Headed to Louisiana to a gentleman and his two sons.  They were cut from the same billet of Damascus and the handles from the same slab of desert ironwood to preserve continuity.  Damascus full tang knives are the devil to make correctly, as you have to attach the handle, grind and finish everything to shape and then remove the handles so the blade can be properly etched. Reassemble and then complete all the finish work. That way, the tang of the knife shows the layers of steel in the same manner the blade does. Thanks for looking!


----------



## Nicodemus (May 26, 2020)

More fine work!


----------



## trad bow (May 26, 2020)

Excellent craftsmanship. Mighty fine knifes


----------



## Duff (May 26, 2020)

Beautys!!


----------



## wvdawg (May 26, 2020)

Good looking trio.


----------



## Railroader (May 26, 2020)

Still watching....


----------



## IFLY4U (May 27, 2020)

Great job


----------



## Ruger#3 (May 27, 2020)

If I bought a custom knife this would be it. Great looking knives built to purposes that suit me.


----------



## turkeykirk (May 27, 2020)

Pretty knives!


----------



## walkinboss01 (May 27, 2020)

Great looking knives!!


----------



## blood on the ground (May 27, 2020)

Beautiful


----------



## GeorgiaGlockMan (Jul 8, 2020)

Wow,  that's one happy family for sure.

Don't know how I missed this thread.


----------



## NCHillbilly (Jul 9, 2020)

That is some fine work right there. About my favorite style of knife, too.


----------



## pacecars (Jul 9, 2020)

I do like those!


----------



## Shug (Jul 10, 2020)

Sweet


----------



## mguthrie (Aug 16, 2020)

Ruger#3 said:


> If I bought a custom knife this would be it. Great looking knives built to purposes that suit me.


This would be than man to buy one from. I’ve got one of his skinners and he made one for my son for Christmas last year. Excellent quality


----------



## Nicodemus (Aug 16, 2020)

I have five of Hank`s knives, and use them all. Pure quality, beauty, and they do stand up to hard use. Just remember to wipe them down if they have carbon blades.

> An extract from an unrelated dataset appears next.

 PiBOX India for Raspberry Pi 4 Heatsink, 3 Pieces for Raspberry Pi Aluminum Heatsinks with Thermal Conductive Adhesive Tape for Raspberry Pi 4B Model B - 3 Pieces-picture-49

Which I greatly prefer over stainless steel.


----------



## Gaswamp (Aug 17, 2020)

sweet thanks for sharing


----------



## Ruger#3 (Aug 17, 2020)

I absolute like these knives above the others I’ve seen, beautiful and practical.


----------



## seeker (Aug 17, 2020)

Your trout knifes are my favorite model.


----------



## NCHillbilly (Aug 18, 2020)

I had to come back and look at those again.


----------



## dwhee87 (Aug 21, 2020)

One of Hank's Damascus Trout & Bird knives will be my next one...gotta start droppin' hints for Christmas around the family.

Beautiful work, Hank.


----------



## godogs57 (Aug 21, 2020)

dwhee87 said:


> One of Hank's Damascus Trout & Bird knives will be my next one...gotta start droppin' hints for Christmas around the family.
> 
> Beautiful work, Hank.


Gimmie a holler as soon as you can if you want one


----------



## NE GA Pappy (Aug 21, 2020)

NCHillbilly said:


> I had to come back and look at those again.



it's my 3rd trip my the display table.


----------



## KyDawg (Sep 2, 2020)

I want one Hank


----------



## godogs57 (Sep 5, 2020)

KyDawg said:


> I want one Hank


Gimme a holler.


----------



## tad1 (Sep 9, 2020)

I signed up for Instagram because of Hanks knives!  Don’t even have a Facebook account....
   Crazy nice work?


----------



## trad bow (Sep 9, 2020)

KyDawg said:


> I want one Hank


Can’t blame you Bo$$. I be wanting one also.


----------



## Athos (Sep 10, 2020)

These look incredible. What’s your Instagram? Going to put one on my Christmas list


----------



## elfiii (Sep 28, 2020)

NCHillbilly said:


> I had to come back and look at those again.



I keep coming back and looking at them.


----------



## Razor Blade (Oct 2, 2020)

Hey Hank, those are beautiful knives, as always , nice work my friend.


----------